9. Terrapin has 31 chapters and the turtle image is discussed/mentioned in three spots — the story opening in explanation for the name of the township, the dead center of the book, Chapter 16, in which Ben explains his life decisions through the metaphor of his meeting an upside-down turtle on a beach, and the last chapter of the book in which Dennis becomes that turtle. Serious readers of Harry Potter are forever on the look out for traditional ring compositions; to risk speaking too plainly, is Terrapin one? The theme of end reflecting beginning, Dennis’ inability to come to terms with what he perceives as the defining injustice of his young life becoming in mirror image nearly the cause of his own death because he becomes the man he despises, seems to point to this structure-in-support-of-meaning. Chiasmus!
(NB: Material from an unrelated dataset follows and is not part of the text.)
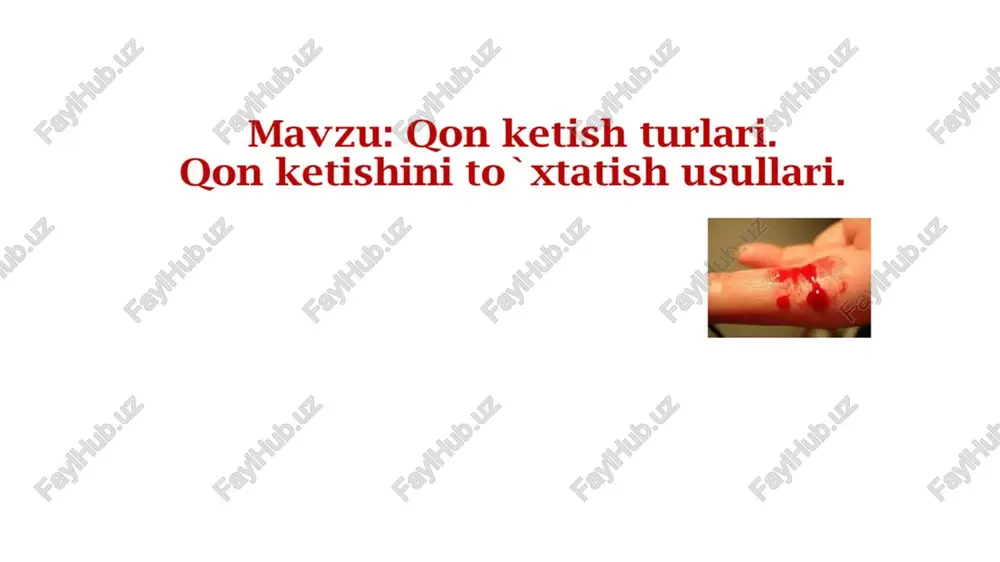 ir necha daqiqadan keyin odam o’lishi mumkin. bu hol yirik gon tomirlari arteriyalar shikastlanganda yuz beradi. @venoz - tananing gon tomirlari shikastlanganda yuz beradi. ¢kapilyar qon - gon ogishi eng mayda gon tomirlari-kapilyarlar shikastlanganda yuz beradi (terining shilinishi, uncha chuqur boimagan jarohatlar, kesib olish va h.z). jgut qo’yish texnikasi. ® jgut qo’yis! qo’ymaslik o’raladi; © jgut oyoq yoki qo’ olinib,so’ng o’rta qismida cho’ziladi,jgutni qo” yoki oyoq atrofidan q © jgut gattiq to’qimalar jon ogis jarohatl hdan oldin jgut qo’yiladigan terini qisib uchun oyoq yoki qo’lga sochiq yoki bint qisib bog’ lanmaydi, chunki uning ostidagi ostidan o’ tkaziladi, uning uchi hi to’xtaguncha aylantiriladi; anadi; ® jgutni to’e’ri go’yilganini nazorat qilish kerak.bunda jgut solingan so to’xtaydi; © jgut o’ram aridan va daqiqalari) yozi haning pastida puls yo’ qoladi,qon oqishi mita * birining ostiga jgut qo’yilgan vaqt(soat sy tga gan qog’oz qistirib qo’yiladi da vogigome “petexiya” “purpura” (teri ostida (shilliq parda toplanib qolg …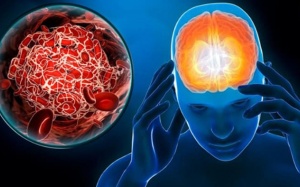 Nguyên nhân tai biến mạch máu não và cách phòng ngừa hiệu quả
John, thank you for the kind words about Terrapin.
I was tempted to go further with some of the answers to your questions before reminding myself that Terrapin is a mystery, and that some may not have read the story yet. My next story is quite different than Toward the Gleam and Terrapin. A group of cryptic characters, very different in experiences, loyalties, and perspectives, is thrust into the cauldron of a post-WWII Soviet detention facility near Berlin. Who are these people? Why have they been rounded up? Can any meaning be discovered in that bleak post-war world and in the wretched cages where they are compelled to live? This story is a mystery about who these people are, why they are being detained (and executed, in the case of some), and an exploration of faith and trust.
Thank you for thinking of potential readers — a thoughtfulness I neglect, forgive me. And I’m looking forward to your next book! I have met more than a few survivors of the ‘Displaced Persons’ camps in Germany after the war — Russians, Ukranians, even a family from Odessa. It’s not a historical episode that reflects well on the Americans involved or the Catholic Church, with notable, heroic, but individual exceptions, so I’ll be interested to see how an American Catholic — and one of your insight and sensitivity! — tackles the topic.
Readers, you don’t need to wait for that; Terrapin is available now. Get thee to a bookstore and order this book!